Compte-rendu de concert par Guillaume Liebgott, Jeune Ambassadeur

Compte rendu de concert – Guillaume Liebgott, Jeune Ambassadeur de l’Orchestre

LE BOLÉRO DE RAVEL

Le dimanche 28 janvier 2018, je me suis rendu à un concert intitulé « Le Boléro de Ravel » organisé par l’Orchestre de Cannes au théâtre Croisette.

Etaient invitées les pianistes Lidija et Sanja Bizjak, deux sœurs serbes originaires de Belgrade formées par Zlata Males et au Conservatoire National Supérieur de Musique et de Danse de Paris.

Le groupe Sympho New de jeunes élèves-musiciens a également été convié à jouer avec l’Orchestre de Cannes.

La direction était assurée par Benjamin Lévy.

Au programme de ce concert :

  • Suite I pour petit orchestre : Andante, Napolitana, Española, Balalaïka d’Igor Stravinski
  • Suite II pour petit orchestre : Marche, Valse, Polka, Galop d’Igor Stravinski
  • Concerto pour deux pianos et orchestre en ré mineur : Allegro, Larguetto, Final (Allegro molto) de Francis Poulenc
  • Boléro de Maurice Ravel
  • La Valse, Poème chorégraphique pour orchestre de Maurice Ravel

Dans la première partie, l’orchestre de Cannes a joué deux Suites de Stravinski. La première m’a beaucoup plu. Certes quelques passages pouvaient paraître spéciaux mais certaines mélodies m’ont vraiment marqué comme celle du hautbois dans le mouvement « Napolitana » car elle était gaie et vive. En revanche, j’ai moins aimé la seconde suite qui était plus abstraite. Surtout la valse où on a l’impression que le flûtiste joue carrément faux ! Cependant, le dernier mouvement, « Galop », est entraînant et énergique et nous fait terminer en beauté ces suites de Stravinski. On pourra remarquer que ces pièces ont fait usage de nombreux ostinatos comme celui joué par les cordes dans le mouvement « Balalaïka » de la première suite ou encore celui joué par les clarinettes dans la « Valse » de la deuxième suite.

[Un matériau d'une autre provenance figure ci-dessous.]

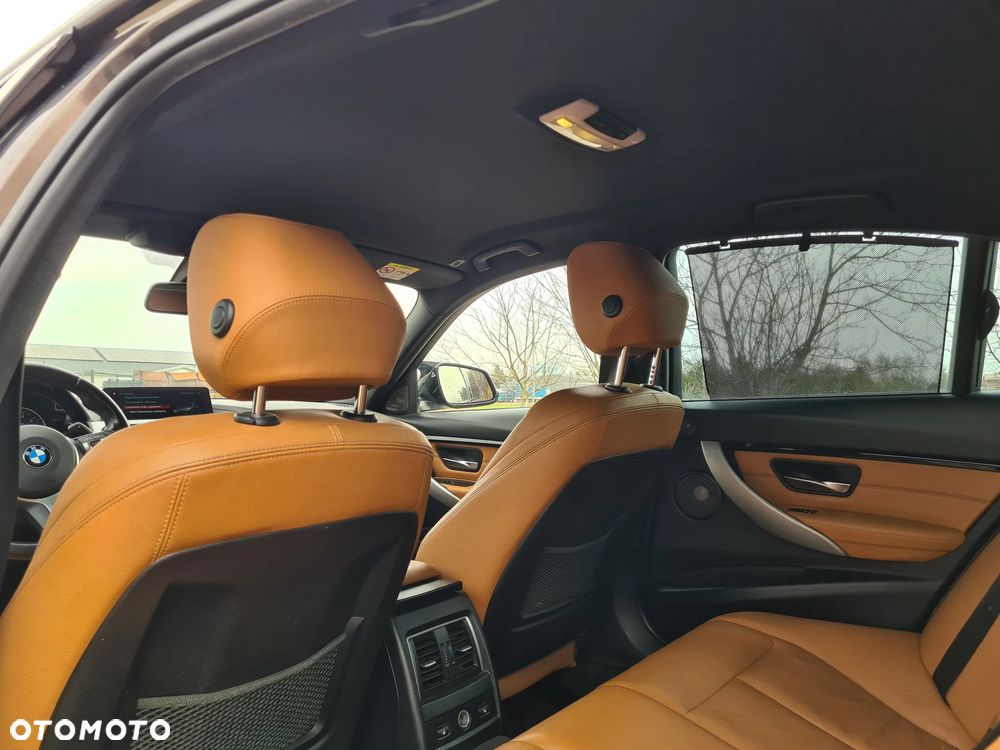 BMW Seria 3 - 25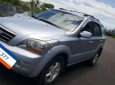 Kia Sorento 2007 - Cần bán lại xe Kia Sorento đời 2007, màu xanh lam, xe nhập, 345 triệu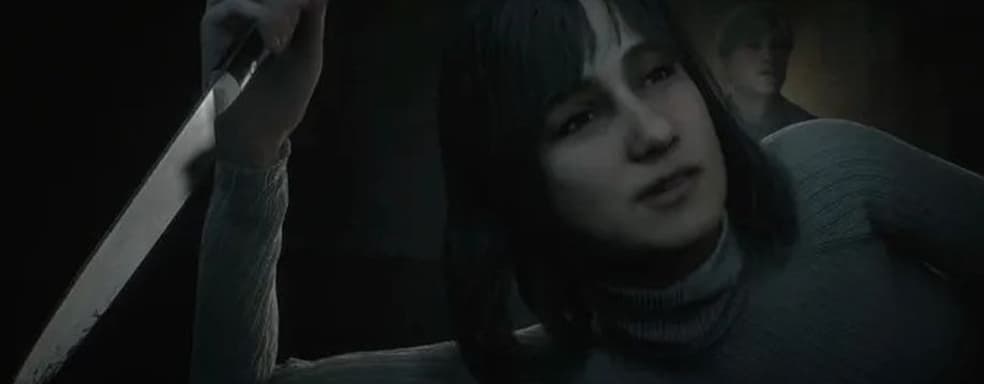 Разработчик Silent Hill 2 Remake: «Мы боялись, что не найдём хорошего способа сделать ремейк»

Lidija et Sanja Bizjak, les deux pianistes invitées, sont entrées en scène pour interpréter ce concerto pour deux pianos et orchestre de Poulenc. Cette œuvre m’a vraiment ému. Ce jeu de questions/réponses entre les deux pianos a été très bien réalisé par le compositeur et par les pianistes. A l’oreille, on a du mal à distinguer quel piano joue quelle partie. Mais en regardant attentivement les doigts des deux pianistes, on peut plus facilement visualiser ce jeu de deux voix qui dialoguent entre elles. Outre la séparation de ces deux voix, ce sont les changements d’intensité très brutaux par moment qui m’ont particulièrement amusé. Effectivement, dans cette pièce on peut passer du piano au fortissimo en un rien de temps ce qui fait la beauté et l’émotion de ce morceau.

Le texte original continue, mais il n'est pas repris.